PROVIDED MATERIAL »
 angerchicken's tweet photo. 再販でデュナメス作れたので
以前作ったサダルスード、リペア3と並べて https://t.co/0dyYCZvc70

* * *

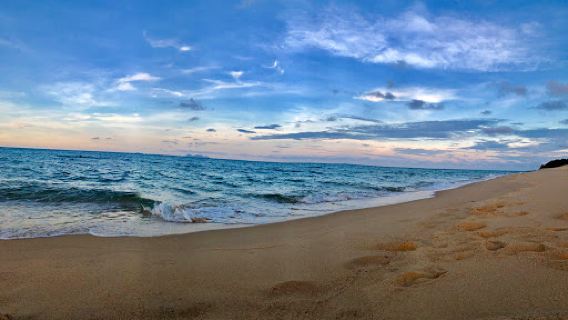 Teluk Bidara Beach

WHAT NEEDS TO BE DONE » Look above for the line with "angerchicken's tweet photo. 再販でデュナメス作れたので" and the line with "以前作ったサダルスード、リペ". Write out those two lines and all the lines between them, exactly, and no others.

SOLUTION FOR THIS PROBLEM »
 angerchicken's tweet photo. 再販でデュナメス作れたので
以前作ったサダルスード、リペア3と並べて https://t.co/0dyYCZvc70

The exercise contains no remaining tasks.